**About this task**
Please reproduce, exactly as given, the lines running from the start of the data to the line containing "Pandora Charms<Charm Pendant", inclusive, and omit the pictures.

**Dataset excerpt**
======

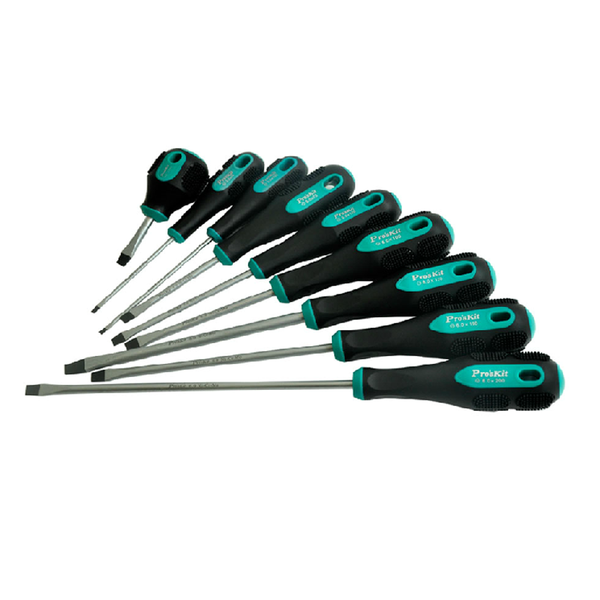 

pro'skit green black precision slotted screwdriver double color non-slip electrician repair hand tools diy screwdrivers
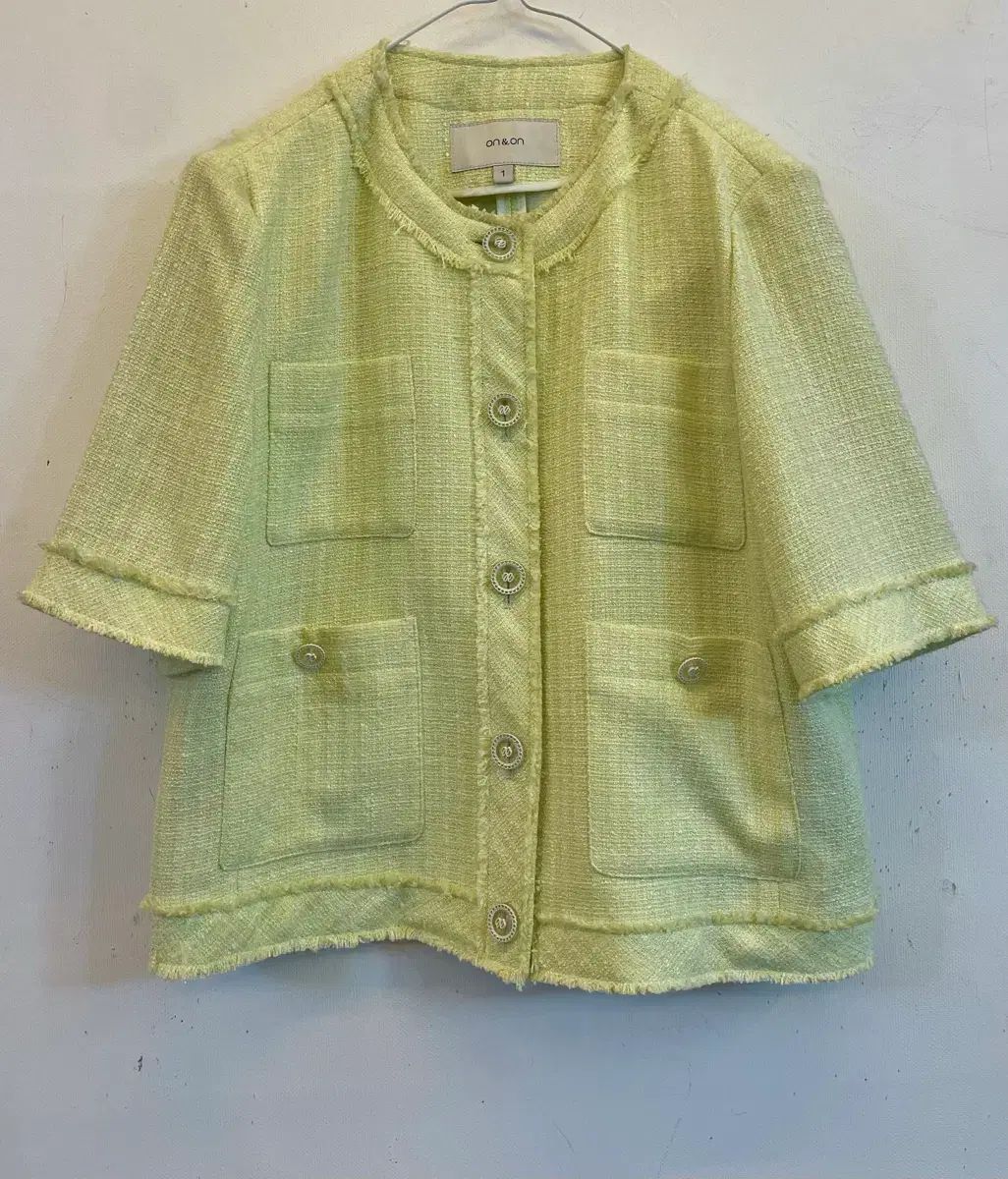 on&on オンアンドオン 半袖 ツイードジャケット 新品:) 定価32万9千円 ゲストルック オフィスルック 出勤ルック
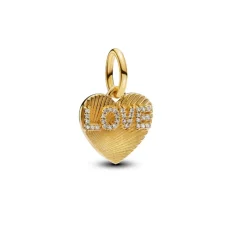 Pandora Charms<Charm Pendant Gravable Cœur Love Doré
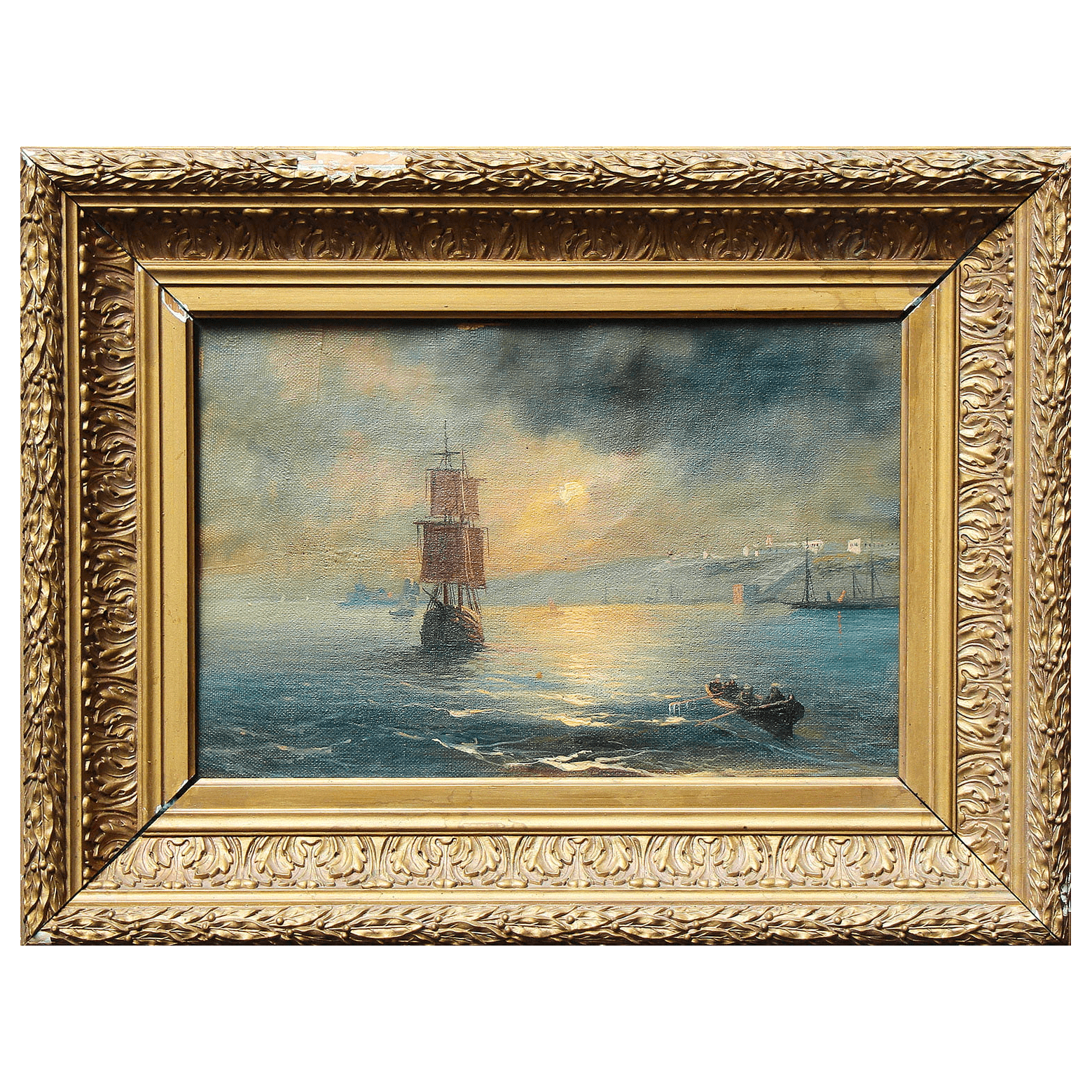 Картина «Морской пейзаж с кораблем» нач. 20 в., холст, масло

======

**Output**
pro'skit green black precision slotted screwdriver double color non-slip electrician repair hand tools diy screwdrivers
 on&on オンアンドオン 半袖 ツイードジャケット 新品:) 定価32万9千円 ゲストルック オフィスルック 出勤ルック
 Pandora Charms<Charm Pendant Gravable Cœur Love Doré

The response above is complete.